MS in Environmental Health
The Master of Science (MS) in Environmental Health prepares graduates to work as program or project managers, as staff scientists or research associates. As awareness of environmental influences on human health increases among policy makers and the public, opportunities for graduates to make a difference are expanding. These opportunities are found in state and federal agencies, town governments, nonprofit organizations, environmental consulting firms, university settings, and industry. Students focus in one of four substantive areas: (1) environmental epidemiology, (2) environmental urban and community health, (3) toxicology and risk assessment, or (4) exposure assessment.
MS candidates must complete a total of 48 credits (12 courses), with a minimum grade of B in each required course.

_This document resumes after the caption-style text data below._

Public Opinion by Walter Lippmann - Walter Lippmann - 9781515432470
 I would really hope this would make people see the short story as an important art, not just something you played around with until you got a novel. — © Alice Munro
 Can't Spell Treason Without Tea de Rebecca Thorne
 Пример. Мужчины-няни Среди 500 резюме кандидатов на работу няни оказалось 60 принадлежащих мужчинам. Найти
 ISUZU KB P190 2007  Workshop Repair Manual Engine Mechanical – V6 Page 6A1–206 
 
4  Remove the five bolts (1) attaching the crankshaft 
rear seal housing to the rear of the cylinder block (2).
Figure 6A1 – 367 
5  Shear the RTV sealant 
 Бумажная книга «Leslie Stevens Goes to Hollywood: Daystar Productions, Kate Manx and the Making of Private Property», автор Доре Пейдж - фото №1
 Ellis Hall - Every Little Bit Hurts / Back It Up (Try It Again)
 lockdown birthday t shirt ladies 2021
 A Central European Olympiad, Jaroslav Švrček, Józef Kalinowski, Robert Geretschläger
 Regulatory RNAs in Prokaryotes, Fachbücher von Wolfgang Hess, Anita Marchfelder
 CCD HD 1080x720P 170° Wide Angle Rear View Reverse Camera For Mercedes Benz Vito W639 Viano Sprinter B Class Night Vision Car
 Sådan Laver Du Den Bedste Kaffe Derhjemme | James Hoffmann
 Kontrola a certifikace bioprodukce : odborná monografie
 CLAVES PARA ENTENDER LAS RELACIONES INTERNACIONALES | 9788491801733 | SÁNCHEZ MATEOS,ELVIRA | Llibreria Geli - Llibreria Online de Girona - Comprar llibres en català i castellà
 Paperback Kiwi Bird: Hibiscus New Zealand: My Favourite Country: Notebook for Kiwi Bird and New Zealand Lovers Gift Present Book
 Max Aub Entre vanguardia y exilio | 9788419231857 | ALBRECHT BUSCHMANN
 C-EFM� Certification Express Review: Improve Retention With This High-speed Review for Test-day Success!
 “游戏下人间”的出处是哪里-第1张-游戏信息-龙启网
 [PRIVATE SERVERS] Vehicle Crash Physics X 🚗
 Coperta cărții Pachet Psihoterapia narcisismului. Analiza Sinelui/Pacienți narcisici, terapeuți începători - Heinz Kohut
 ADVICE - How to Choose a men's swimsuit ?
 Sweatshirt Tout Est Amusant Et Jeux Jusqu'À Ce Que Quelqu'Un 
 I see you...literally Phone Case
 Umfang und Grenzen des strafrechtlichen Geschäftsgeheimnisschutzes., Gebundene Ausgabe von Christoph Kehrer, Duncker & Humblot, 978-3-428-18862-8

The degree must be completed in 5 years.
All students take a common set of six required courses and must earn a B or better in all six courses.
- BS 723 Introduction to Statistical Computing
- EH 710 Basic Human Physiology
- EH 765 Survey of Environmental Health
- EH 768 Introduction to Toxicology
- EH 804 Exposure Assessment
- EP 713 Introduction to Epidemiology
Students also take a set of three courses required for their chosen area of focused study. There is some overlap in the course requirements of the four areas of study, all of which draw on this list of courses:
- BS 805 Intermediate Statistical Computing & Applied Regression Analysis
- BS 852 Statistical Methods for Epidemiology
- EH 757 Environmental Epidemiology
- EH 811 GIS in Public Health
- EH 840 Intermediate Toxicology
- EH 866 Risk Assessment Methods
- EH 962 Research in Environmental Health
- EP 854 Advanced Epidemiology
- SB 818 Qualitative Research Methods
- GMS CM 753 Cell Biology, in the Division of Graduate Medical Sciences of the Boston University School of Medicine
Students must participate in an integrative experience that has three components: research or internship experience, a paper in which the student conducts a rigorous analysis of the work conducted, and an oral presentation of the paper in a departmental seminar. Students are expected to complete the integrative experience for zero credits during the summer.